The signal, GW230401, was not compatible with any of the gravitational sources observable to date by VIRGO, such as neutron star mergers or black holes.
“When we were contacted by the VIRGO collaboration, we thought that the collaboration scientists had made a mistake,” comments Calvin O. Ethalon, leading the Physh University group. “However, as soon as we saw the results of the filtering procedures on the amplitude-time diagrams of the GW230401 event, we were astounded: there were traces in the graph that were compatible with information-encoded gravitational wave signals, similar to those that our research group has been trying to create for years”
The unusual traces in the amplitude-time diagram do not correspond to any typical gravitational signal observed so far. Given these unusual characteristics, the Physh University research team therefore decided to analyse time-frequency diagrams made available by Virgo, increasing the signal-to-noise ratio through the use of machine learning techniques. The new analysis cleared up any doubts. “The signal,” says Calvin O. Ethalon “contained an encrypted message, which we were able to interpret within a few weeks with the help of expert decoders”. Ethalon continues: ‘Even though great caution and a rigorous scientific approach must guide us in cases like this, it would seem that the encoded information corresponds to the message I SAW YOU.
The signal, coming from the direction of the Pisces constellation, travelled for one hundred million years before reaching Earth from the remote galaxy from which it was sent. “This incredible discovery, if confirmed, would pave the way for the study of similar techniques for encoding and transmitting signals from Earth, with the hope that a possible form of intelligent life, which might have sent us this message a hundred million years ago, did not see too inconvenient aspects of our past and would still want to talk to us in the future,” concludes Calvin O. Ethalon.

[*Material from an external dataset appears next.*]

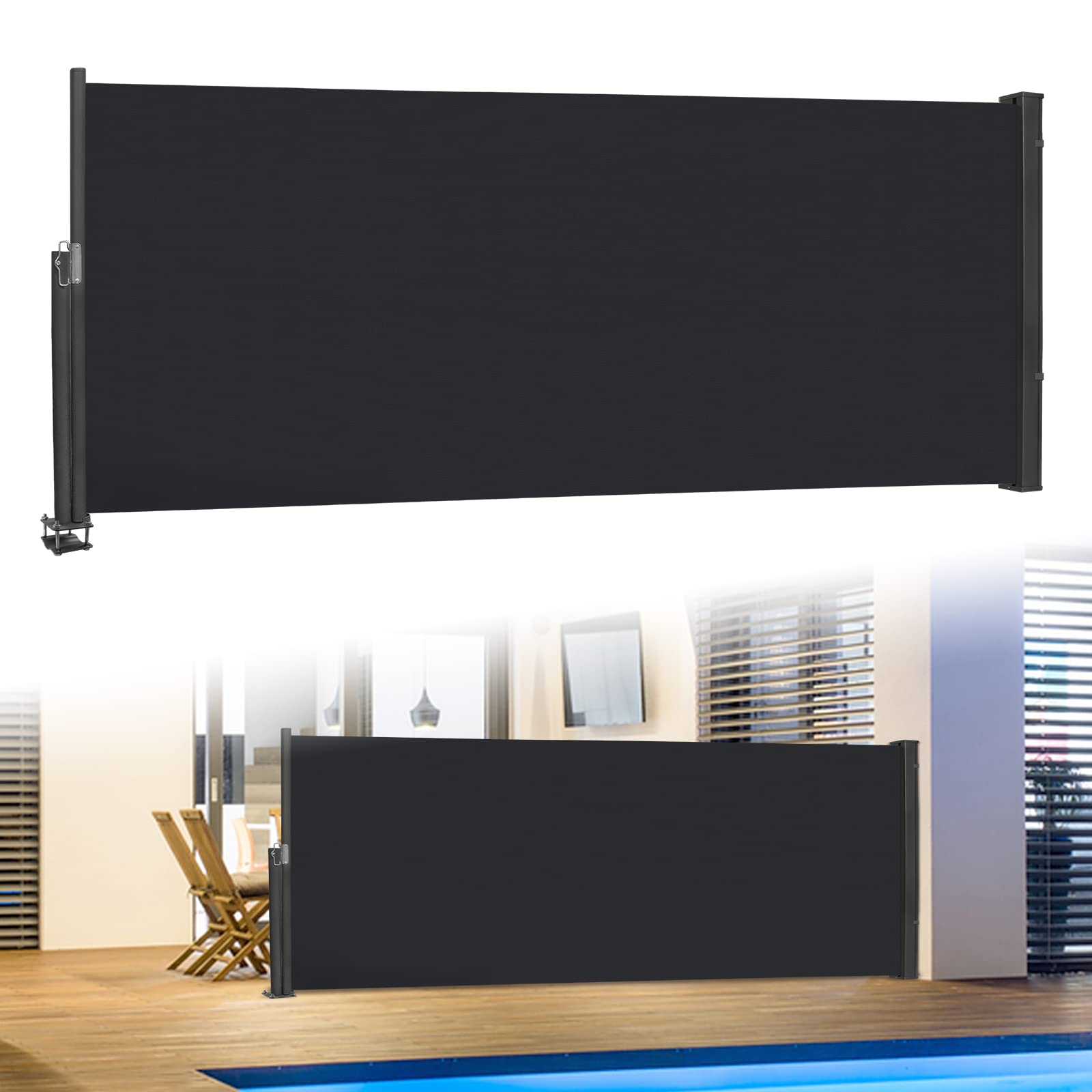UISEBRT Tenda da sole laterale estensibile, 100 x 300 cm, per balcone, tenda da sole, protezione dal vento per terrazza, balcone, giardino, antracite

Virgo is a laser interferometer with two 3-kilometre arms, in the countryside near Pisa, built to detect gravitational waves: oscillations of space-time predicted by Einstein more than a century ago. Virgo is currently one of the three largest and most sensitive gravitational wave detectors in the world, together with the two US interferometers LIGO, with which it has been working jointly since 2017. The Virgo Scientific Collaboration consists of over 700 scientists from 15 countries and together with the LIGO and KAGRA Collaborations forms the larger LIGO – Virgo – KAGRA Collaboration, which has over 2000 members.
Virgo is housed within EGO, the European Gravitational Observatory, an international research institution funded by the French CNRS – Centre National de la Recherche Scientifique and the Italian INFN and the Dutch NIKhef, Dutch National Institute for Subatomic Physics.